Is there like a site that sells them online, cuz costcos (from wat i know, the only place that sells them) is VERY far away from where i live and i dont have a membership so i have to go wit some body else.


----------



## I Are Baboon (Mar 20, 2007)

Are you talking about plain ol' Kirkland boneless chicken breast?  It's got the same nutritional content as any other boneless breast.  My Costco sells it for $2.29/lb.  That's a decent price, but if you stock up when grocery stores have sales on Purdue, Tyson, etc, you can get just as good a price on it.


----------



## SnakeEyez (Mar 20, 2007)

actually i was talkin bout the kirkland chicken that comes in a can that like u can just eat out the can or the breast that u gotta cook and all that?


----------



## MCx2 (Mar 20, 2007)

I would avoid any kind of poultry in a can. Just my 2 cents.


----------



## SnakeEyez (Mar 20, 2007)

i heard that its great even if it is in a can


----------



## ABCs (Mar 20, 2007)

I don't think the original poster was speaking of the Kirkland chicken in a can. Costco sells individually (2 to a package) wrapped boneless, skinless chicken breast. They taste good and are cost effective.


----------



## MCx2 (Mar 20, 2007)

ABCs said:


> I don't think the original poster was speaking of the Kirkland chicken in a can. Costco sells individually (2 to a package) wrapped boneless, skinless chicken breast. They taste good and are cost effective.
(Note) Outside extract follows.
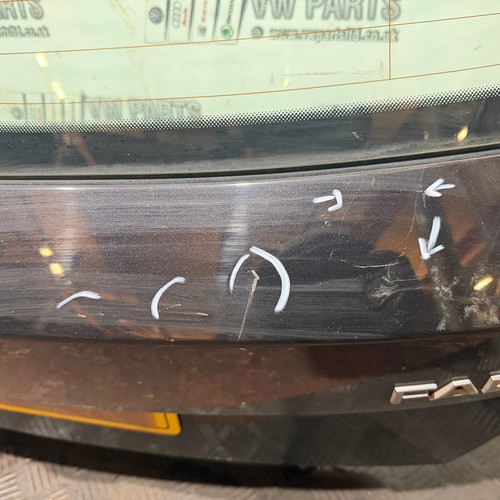 SKODA FABIA MK3 FL BOOTLID/TAILGATE BLACK LF9R 2018 - Picture 8 of 13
He is the original poster.


----------



## SnakeEyez (Mar 20, 2007)

nah i was talkin bout the kirkland chicken breast that comes in a can, i heard that that was good, my bad that i didnt specify but have u heard of the one in the can? i heard its good


----------



## Little Wing (Mar 20, 2007)

canned chicken is going to be loaded with sodium more than likely.


----------



## I Are Baboon (Mar 20, 2007)

SnakeEyez said:


> actually i was talkin bout the kirkland chicken that comes in a can that like u can just eat out the can or the breast that u gotta cook and all that?



 

Chicken in a can?  Well, I guess it can't be any worse than fish in a can.


----------



## ABCs (Mar 20, 2007)

SnakeEyez said:


> nah i was talkin bout the kirkland chicken breast that comes in a can, i heard that that was good, my bad that i didnt specify but have u heard of the one in the can? i heard its good



Ohh my bad dude. If your heading to Costco just get the Kirkland Chicken in the packages and skip the can completely. Freeze the stuff and you can stock up on it all you want.


----------